I have something more to say, I am sorry to state, but I have sketched the main outline of the new rating system as we ask your Lordships to enact it. There are, however, two matters, which I may call subsidiary matters, of great importance, to which I must call your attention. There is, first of all, the system of compounding. Under the present law, as your Lordships are aware, in respect of small house property the practice is that the local rating authority should come to an arrangement, subject to certain limitations laid down by law, with the owners of property in the localities as to what allowance should be made in return for the advantage of the rates being collected by the landlord. That is what is called the system of compounding. I need not say that the system of compounding is not done away with, but is very much improved. I may remind your Lordships that this system of compounding applies only to hereditaments that are held on less than quarterly tenancies—that is to say, held only for short tenancies.

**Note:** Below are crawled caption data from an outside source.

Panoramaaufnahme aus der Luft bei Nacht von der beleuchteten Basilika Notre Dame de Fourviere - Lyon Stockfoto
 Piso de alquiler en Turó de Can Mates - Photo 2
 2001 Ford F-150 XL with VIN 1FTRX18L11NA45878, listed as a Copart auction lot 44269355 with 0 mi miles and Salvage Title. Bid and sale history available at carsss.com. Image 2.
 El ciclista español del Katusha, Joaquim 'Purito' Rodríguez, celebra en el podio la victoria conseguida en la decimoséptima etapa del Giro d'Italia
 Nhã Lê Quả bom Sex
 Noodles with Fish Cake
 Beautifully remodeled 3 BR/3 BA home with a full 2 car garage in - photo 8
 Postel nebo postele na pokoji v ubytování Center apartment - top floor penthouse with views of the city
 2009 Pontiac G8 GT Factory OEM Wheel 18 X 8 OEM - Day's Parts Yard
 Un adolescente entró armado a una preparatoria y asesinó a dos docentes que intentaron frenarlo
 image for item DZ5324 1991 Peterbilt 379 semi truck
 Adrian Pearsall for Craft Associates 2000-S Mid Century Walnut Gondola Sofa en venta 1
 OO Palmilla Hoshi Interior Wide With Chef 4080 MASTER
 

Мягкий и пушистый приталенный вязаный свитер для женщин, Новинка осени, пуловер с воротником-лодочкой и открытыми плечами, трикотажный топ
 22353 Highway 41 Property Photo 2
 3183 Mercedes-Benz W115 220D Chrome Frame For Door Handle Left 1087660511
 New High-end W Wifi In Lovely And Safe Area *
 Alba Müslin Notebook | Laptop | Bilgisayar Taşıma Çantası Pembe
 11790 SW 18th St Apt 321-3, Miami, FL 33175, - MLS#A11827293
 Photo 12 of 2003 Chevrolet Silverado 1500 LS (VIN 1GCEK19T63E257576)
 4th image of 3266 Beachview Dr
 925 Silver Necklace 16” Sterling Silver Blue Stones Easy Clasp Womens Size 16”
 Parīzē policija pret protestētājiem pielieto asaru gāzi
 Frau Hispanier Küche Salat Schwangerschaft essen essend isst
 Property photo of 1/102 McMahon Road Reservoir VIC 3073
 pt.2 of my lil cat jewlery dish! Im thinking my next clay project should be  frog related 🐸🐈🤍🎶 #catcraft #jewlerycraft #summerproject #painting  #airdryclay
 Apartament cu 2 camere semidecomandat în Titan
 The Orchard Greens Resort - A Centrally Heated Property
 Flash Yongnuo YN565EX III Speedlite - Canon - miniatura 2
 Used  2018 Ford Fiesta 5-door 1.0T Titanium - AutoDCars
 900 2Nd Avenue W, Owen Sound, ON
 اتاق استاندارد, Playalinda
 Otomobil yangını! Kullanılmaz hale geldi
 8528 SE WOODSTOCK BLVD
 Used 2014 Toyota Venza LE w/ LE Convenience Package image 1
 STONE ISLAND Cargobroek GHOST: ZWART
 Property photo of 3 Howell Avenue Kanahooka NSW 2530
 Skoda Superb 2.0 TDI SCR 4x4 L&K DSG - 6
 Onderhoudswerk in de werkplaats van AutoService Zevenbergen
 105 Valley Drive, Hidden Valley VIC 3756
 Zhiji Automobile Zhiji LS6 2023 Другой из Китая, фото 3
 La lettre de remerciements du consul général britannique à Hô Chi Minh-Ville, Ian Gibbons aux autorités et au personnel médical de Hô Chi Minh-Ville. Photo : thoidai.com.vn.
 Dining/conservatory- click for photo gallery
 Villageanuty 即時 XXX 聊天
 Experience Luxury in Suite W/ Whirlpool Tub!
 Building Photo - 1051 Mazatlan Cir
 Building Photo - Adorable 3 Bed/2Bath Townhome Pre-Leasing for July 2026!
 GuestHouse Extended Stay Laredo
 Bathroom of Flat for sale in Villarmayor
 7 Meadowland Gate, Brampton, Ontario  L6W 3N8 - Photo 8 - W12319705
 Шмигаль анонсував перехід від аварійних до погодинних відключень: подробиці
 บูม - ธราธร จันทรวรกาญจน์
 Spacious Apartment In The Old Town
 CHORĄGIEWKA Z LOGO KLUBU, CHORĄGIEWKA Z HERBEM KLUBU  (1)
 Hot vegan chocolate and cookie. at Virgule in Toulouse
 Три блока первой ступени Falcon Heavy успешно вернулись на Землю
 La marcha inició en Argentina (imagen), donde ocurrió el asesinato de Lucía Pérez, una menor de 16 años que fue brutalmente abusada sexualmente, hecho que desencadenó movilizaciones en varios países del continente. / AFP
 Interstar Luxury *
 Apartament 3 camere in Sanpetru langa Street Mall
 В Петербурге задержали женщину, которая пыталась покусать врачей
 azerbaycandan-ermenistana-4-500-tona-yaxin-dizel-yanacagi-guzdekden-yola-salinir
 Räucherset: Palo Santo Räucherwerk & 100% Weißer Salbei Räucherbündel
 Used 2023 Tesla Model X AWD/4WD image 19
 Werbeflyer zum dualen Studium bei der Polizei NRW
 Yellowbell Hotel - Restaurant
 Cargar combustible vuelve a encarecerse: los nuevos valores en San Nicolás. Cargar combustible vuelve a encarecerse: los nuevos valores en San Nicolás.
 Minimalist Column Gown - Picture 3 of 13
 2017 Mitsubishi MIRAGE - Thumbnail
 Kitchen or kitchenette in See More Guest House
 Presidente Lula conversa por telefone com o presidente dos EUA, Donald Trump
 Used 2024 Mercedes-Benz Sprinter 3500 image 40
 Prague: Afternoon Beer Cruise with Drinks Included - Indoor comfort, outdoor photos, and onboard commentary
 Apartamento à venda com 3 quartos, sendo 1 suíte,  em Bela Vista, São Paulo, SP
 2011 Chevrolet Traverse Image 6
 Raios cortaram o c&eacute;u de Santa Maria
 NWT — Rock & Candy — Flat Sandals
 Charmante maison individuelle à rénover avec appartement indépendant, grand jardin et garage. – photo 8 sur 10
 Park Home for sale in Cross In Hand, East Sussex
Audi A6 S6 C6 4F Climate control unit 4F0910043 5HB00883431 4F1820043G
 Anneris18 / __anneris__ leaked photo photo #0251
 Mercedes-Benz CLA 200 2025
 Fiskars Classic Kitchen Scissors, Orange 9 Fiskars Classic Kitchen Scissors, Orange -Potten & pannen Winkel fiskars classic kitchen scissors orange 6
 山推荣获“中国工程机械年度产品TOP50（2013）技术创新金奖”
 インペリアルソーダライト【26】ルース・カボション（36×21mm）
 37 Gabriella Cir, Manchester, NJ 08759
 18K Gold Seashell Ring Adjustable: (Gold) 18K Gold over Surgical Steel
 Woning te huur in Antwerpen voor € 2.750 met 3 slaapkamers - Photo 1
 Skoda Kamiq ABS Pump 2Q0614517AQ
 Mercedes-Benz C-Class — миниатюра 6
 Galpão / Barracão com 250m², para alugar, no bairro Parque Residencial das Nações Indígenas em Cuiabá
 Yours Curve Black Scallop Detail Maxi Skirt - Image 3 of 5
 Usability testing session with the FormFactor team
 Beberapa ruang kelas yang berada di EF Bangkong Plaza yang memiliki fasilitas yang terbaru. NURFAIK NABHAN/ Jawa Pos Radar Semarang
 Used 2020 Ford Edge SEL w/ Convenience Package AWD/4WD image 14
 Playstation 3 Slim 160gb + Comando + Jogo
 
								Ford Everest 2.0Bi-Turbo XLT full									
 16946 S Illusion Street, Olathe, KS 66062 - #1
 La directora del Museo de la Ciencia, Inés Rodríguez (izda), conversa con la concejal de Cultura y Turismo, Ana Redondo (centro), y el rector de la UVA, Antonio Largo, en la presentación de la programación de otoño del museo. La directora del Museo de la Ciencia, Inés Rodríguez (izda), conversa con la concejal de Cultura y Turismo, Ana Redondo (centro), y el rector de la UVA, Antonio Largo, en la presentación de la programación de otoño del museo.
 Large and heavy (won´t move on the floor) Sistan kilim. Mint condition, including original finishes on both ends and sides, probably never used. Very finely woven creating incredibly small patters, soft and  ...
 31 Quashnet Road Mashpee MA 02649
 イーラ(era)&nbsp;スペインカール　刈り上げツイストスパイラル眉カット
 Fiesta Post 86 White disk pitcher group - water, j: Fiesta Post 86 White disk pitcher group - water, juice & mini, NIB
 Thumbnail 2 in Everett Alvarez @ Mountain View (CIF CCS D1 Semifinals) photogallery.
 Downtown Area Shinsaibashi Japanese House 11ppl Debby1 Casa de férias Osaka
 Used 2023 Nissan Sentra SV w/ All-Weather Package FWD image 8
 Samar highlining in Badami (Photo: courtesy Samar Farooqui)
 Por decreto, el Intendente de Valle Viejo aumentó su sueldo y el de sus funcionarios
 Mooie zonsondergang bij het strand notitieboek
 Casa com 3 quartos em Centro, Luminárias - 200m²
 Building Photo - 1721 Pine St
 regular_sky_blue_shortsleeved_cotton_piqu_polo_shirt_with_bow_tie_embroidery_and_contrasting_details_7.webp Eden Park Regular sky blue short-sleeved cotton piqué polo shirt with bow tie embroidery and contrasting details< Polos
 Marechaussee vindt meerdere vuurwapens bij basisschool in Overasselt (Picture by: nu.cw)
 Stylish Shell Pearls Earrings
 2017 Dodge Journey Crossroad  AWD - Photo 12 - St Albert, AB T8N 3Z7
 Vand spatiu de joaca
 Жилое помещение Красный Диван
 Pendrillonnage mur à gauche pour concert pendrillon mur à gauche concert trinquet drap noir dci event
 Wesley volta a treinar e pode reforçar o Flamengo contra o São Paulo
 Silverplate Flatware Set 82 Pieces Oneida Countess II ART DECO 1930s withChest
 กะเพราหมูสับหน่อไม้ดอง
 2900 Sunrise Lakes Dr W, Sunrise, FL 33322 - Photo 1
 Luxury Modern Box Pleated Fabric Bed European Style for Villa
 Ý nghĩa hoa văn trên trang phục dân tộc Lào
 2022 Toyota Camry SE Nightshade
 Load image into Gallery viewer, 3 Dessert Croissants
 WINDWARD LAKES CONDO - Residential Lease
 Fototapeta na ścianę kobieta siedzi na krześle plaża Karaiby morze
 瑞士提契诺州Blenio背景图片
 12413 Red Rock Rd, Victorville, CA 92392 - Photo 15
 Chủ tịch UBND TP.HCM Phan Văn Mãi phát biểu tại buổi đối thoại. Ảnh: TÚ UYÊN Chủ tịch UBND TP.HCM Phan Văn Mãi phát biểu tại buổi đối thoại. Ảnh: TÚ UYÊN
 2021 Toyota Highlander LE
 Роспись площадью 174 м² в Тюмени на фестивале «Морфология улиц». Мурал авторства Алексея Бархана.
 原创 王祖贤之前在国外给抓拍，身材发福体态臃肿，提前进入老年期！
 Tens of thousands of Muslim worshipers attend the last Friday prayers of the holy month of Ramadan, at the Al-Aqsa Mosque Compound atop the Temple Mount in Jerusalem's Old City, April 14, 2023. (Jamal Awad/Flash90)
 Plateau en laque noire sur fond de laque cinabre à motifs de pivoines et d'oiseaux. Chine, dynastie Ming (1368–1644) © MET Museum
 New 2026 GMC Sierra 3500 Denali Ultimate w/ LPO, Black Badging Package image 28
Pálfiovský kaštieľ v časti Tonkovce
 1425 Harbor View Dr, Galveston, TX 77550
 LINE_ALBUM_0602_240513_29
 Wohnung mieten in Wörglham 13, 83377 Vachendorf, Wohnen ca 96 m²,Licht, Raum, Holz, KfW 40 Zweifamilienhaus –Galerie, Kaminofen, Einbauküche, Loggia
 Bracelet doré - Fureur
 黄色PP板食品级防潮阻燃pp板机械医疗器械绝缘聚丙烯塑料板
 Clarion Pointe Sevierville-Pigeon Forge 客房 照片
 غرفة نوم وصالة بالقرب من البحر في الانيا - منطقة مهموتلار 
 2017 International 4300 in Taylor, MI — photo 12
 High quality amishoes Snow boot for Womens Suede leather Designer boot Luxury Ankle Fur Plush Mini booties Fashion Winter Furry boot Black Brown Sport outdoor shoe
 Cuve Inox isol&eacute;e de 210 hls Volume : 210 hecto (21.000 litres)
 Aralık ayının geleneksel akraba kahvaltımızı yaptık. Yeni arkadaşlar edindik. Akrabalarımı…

There are two main provisions. In the first place, there is a compulsory provision dealing with very small property of less than £13 a year value. In that case the rating authority may make compounding compulsory by resolution. Thereupon they treat the owner, as the occupier, and they give him an allowance of ten per cent. That is what is prescribed by Clause 11. There is another, a more general, system of compounding which is voluntary. That applies to all property of less than quarterly tenure. There the allowances are divided into three categories. Where the owner undertakes to take the risk not only of vacant occupation but also of uncollected rates—when he, takes that very considerable risk, the rating authority are allowed to make him an allowance not exceeding fifteen per cent.

EARL RUSSELL

Is he compelled to take that risk in the cases where compounding is compulsory?

THE MARQUESS OF SALISBURY

No. In that case he has to take the risk of uncollected rates, but not of vacant occupation. The voluntary system is one which I am now going to describe to your Lordships. Where the landlord takes the risk of the uncollected rates only, but not of the vacant occupation, he is allowed an allowance not exceeding seven and a half per cent. Finally, if he is merely the agent for the local authority to collect the rates, and does not take any risk either of vacant occupation or uncollected rates, then the allowance is not to exceed five per cent. It was suggested in another place that these substantial allowances to owners were in a large measure passed on to the occupiers, and that, therefore, an occupying owner of this very small property was placed at a disadvantage as compared with the tenant, and very strong pressure was applied to His Majesty's Government in another place to produce some remedy. My right hon. friend the Minister of Health promised to consider it, and I am here to repeat that promise. I do not think it would be fair to leave the occupying owner without some consideration, and when we come to a further stage of the Bill the Government will have a suggestion to make on this head.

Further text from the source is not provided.